• _Task details_:
Repeat each record that follows, keeping it identical.

• _Data for processing_:
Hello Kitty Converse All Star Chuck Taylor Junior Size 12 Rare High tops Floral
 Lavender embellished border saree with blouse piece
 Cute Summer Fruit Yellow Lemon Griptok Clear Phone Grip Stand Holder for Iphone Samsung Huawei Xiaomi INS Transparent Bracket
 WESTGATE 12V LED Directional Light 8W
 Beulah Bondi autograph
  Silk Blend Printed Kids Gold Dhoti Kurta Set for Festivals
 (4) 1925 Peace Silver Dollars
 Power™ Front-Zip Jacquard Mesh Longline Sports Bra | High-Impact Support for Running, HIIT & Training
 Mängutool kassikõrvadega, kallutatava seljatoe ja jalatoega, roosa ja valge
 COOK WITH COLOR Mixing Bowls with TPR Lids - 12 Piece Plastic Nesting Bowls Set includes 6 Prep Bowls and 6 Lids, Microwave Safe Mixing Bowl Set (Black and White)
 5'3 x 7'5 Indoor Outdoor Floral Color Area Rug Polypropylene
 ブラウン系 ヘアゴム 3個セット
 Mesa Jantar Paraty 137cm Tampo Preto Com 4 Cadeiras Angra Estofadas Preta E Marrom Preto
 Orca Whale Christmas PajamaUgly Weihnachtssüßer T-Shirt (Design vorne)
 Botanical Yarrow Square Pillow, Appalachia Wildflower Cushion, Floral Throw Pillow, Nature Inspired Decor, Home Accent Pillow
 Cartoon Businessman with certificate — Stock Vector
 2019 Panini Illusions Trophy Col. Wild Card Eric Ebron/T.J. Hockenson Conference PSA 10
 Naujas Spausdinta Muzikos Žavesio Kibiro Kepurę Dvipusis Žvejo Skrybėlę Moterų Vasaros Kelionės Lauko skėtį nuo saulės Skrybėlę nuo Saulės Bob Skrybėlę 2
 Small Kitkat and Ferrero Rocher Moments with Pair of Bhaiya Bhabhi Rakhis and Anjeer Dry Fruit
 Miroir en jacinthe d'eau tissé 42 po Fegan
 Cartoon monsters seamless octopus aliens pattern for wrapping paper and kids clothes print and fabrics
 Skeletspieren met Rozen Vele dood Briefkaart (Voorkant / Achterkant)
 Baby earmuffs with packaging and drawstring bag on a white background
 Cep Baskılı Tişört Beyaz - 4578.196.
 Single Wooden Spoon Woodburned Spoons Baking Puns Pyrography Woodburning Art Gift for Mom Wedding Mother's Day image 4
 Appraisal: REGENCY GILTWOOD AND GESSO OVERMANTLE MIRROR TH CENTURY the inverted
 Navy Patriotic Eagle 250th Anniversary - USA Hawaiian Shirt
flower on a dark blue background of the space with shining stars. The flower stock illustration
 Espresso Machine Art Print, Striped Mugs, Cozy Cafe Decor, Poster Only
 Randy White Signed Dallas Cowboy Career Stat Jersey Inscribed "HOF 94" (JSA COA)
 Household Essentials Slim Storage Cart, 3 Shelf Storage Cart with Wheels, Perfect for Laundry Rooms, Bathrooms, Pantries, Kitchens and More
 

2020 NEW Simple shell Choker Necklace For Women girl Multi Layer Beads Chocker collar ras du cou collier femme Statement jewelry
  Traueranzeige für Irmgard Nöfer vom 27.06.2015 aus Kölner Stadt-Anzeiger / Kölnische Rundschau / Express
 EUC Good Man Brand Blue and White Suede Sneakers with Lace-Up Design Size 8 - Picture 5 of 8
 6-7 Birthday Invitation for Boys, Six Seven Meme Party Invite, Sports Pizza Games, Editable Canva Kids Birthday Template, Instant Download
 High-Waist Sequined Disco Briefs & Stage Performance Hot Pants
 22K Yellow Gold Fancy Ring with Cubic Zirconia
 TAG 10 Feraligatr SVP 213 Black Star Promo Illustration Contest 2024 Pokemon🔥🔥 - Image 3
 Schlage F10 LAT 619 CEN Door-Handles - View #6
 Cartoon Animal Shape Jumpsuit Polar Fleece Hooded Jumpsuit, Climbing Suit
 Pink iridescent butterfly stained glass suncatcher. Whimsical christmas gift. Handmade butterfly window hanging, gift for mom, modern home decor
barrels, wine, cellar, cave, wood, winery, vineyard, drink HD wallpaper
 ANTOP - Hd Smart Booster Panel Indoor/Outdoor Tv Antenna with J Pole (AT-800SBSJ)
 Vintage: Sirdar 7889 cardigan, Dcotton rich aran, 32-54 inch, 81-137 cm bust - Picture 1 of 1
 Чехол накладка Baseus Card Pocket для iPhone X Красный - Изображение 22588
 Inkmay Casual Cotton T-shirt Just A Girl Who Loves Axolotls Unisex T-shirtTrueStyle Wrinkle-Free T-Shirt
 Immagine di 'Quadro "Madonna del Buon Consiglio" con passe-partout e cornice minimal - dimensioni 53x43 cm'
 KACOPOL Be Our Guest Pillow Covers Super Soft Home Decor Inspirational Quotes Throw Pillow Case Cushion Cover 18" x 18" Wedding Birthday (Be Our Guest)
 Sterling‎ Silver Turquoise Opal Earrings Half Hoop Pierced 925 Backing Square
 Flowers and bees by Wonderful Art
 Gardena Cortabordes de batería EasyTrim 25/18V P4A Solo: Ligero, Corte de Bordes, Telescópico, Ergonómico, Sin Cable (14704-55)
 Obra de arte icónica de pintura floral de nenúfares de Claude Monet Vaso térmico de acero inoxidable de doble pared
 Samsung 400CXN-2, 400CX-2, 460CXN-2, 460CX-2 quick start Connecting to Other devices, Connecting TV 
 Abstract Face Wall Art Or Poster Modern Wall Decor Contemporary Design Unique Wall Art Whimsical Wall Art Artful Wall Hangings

• _Result_:
Hello Kitty Converse All Star Chuck Taylor Junior Size 12 Rare High tops Floral
 Lavender embellished border saree with blouse piece
 Cute Summer Fruit Yellow Lemon Griptok Clear Phone Grip Stand Holder for Iphone Samsung Huawei Xiaomi INS Transparent Bracket
 WESTGATE 12V LED Directional Light 8W
 Beulah Bondi autograph
  Silk Blend Printed Kids Gold Dhoti Kurta Set for Festivals
 (4) 1925 Peace Silver Dollars
 Power™ Front-Zip Jacquard Mesh Longline Sports Bra | High-Impact Support for Running, HIIT & Training
 Mängutool kassikõrvadega, kallutatava seljatoe ja jalatoega, roosa ja valge
 COOK WITH COLOR Mixing Bowls with TPR Lids - 12 Piece Plastic Nesting Bowls Set includes 6 Prep Bowls and 6 Lids, Microwave Safe Mixing Bowl Set (Black and White)
 5'3 x 7'5 Indoor Outdoor Floral Color Area Rug Polypropylene
 ブラウン系 ヘアゴム 3個セット
 Mesa Jantar Paraty 137cm Tampo Preto Com 4 Cadeiras Angra Estofadas Preta E Marrom Preto
 Orca Whale Christmas PajamaUgly Weihnachtssüßer T-Shirt (Design vorne)
 Botanical Yarrow Square Pillow, Appalachia Wildflower Cushion, Floral Throw Pillow, Nature Inspired Decor, Home Accent Pillow
 Cartoon Businessman with certificate — Stock Vector
 2019 Panini Illusions Trophy Col. Wild Card Eric Ebron/T.J. Hockenson Conference PSA 10
 Naujas Spausdinta Muzikos Žavesio Kibiro Kepurę Dvipusis Žvejo Skrybėlę Moterų Vasaros Kelionės Lauko skėtį nuo saulės Skrybėlę nuo Saulės Bob Skrybėlę 2
 Small Kitkat and Ferrero Rocher Moments with Pair of Bhaiya Bhabhi Rakhis and Anjeer Dry Fruit
 Miroir en jacinthe d'eau tissé 42 po Fegan
 Cartoon monsters seamless octopus aliens pattern for wrapping paper and kids clothes print and fabrics
 Skeletspieren met Rozen Vele dood Briefkaart (Voorkant / Achterkant)
 Baby earmuffs with packaging and drawstring bag on a white background
 Cep Baskılı Tişört Beyaz - 4578.196.
 Single Wooden Spoon Woodburned Spoons Baking Puns Pyrography Woodburning Art Gift for Mom Wedding Mother's Day image 4
 Appraisal: REGENCY GILTWOOD AND GESSO OVERMANTLE MIRROR TH CENTURY the inverted
 Navy Patriotic Eagle 250th Anniversary - USA Hawaiian Shirt
flower on a dark blue background of the space with shining stars. The flower stock illustration
 Espresso Machine Art Print, Striped Mugs, Cozy Cafe Decor, Poster Only
 Randy White Signed Dallas Cowboy Career Stat Jersey Inscribed "HOF 94" (JSA COA)
 Household Essentials Slim Storage Cart, 3 Shelf Storage Cart with Wheels, Perfect for Laundry Rooms, Bathrooms, Pantries, Kitchens and More
 

2020 NEW Simple shell Choker Necklace For Women girl Multi Layer Beads Chocker collar ras du cou collier femme Statement jewelry
  Traueranzeige für Irmgard Nöfer vom 27.06.2015 aus Kölner Stadt-Anzeiger / Kölnische Rundschau / Express
 EUC Good Man Brand Blue and White Suede Sneakers with Lace-Up Design Size 8 - Picture 5 of 8
 6-7 Birthday Invitation for Boys, Six Seven Meme Party Invite, Sports Pizza Games, Editable Canva Kids Birthday Template, Instant Download
 High-Waist Sequined Disco Briefs & Stage Performance Hot Pants
 22K Yellow Gold Fancy Ring with Cubic Zirconia
 TAG 10 Feraligatr SVP 213 Black Star Promo Illustration Contest 2024 Pokemon🔥🔥 - Image 3
 Schlage F10 LAT 619 CEN Door-Handles - View #6
 Cartoon Animal Shape Jumpsuit Polar Fleece Hooded Jumpsuit, Climbing Suit
 Pink iridescent butterfly stained glass suncatcher. Whimsical christmas gift. Handmade butterfly window hanging, gift for mom, modern home decor
barrels, wine, cellar, cave, wood, winery, vineyard, drink HD wallpaper
 ANTOP - Hd Smart Booster Panel Indoor/Outdoor Tv Antenna with J Pole (AT-800SBSJ)
 Vintage: Sirdar 7889 cardigan, Dcotton rich aran, 32-54 inch, 81-137 cm bust - Picture 1 of 1
 Чехол накладка Baseus Card Pocket для iPhone X Красный - Изображение 22588
 Inkmay Casual Cotton T-shirt Just A Girl Who Loves Axolotls Unisex T-shirtTrueStyle Wrinkle-Free T-Shirt
 Immagine di 'Quadro "Madonna del Buon Consiglio" con passe-partout e cornice minimal - dimensioni 53x43 cm'
 KACOPOL Be Our Guest Pillow Covers Super Soft Home Decor Inspirational Quotes Throw Pillow Case Cushion Cover 18" x 18" Wedding Birthday (Be Our Guest)
 Sterling‎ Silver Turquoise Opal Earrings Half Hoop Pierced 925 Backing Square
 Flowers and bees by Wonderful Art
 Gardena Cortabordes de batería EasyTrim 25/18V P4A Solo: Ligero, Corte de Bordes, Telescópico, Ergonómico, Sin Cable (14704-55)
 Obra de arte icónica de pintura floral de nenúfares de Claude Monet Vaso térmico de acero inoxidable de doble pared
 Samsung 400CXN-2, 400CX-2, 460CXN-2, 460CX-2 quick start Connecting to Other devices, Connecting TV 
 Abstract Face Wall Art Or Poster Modern Wall Decor Contemporary Design Unique Wall Art Whimsical Wall Art Artful Wall Hangings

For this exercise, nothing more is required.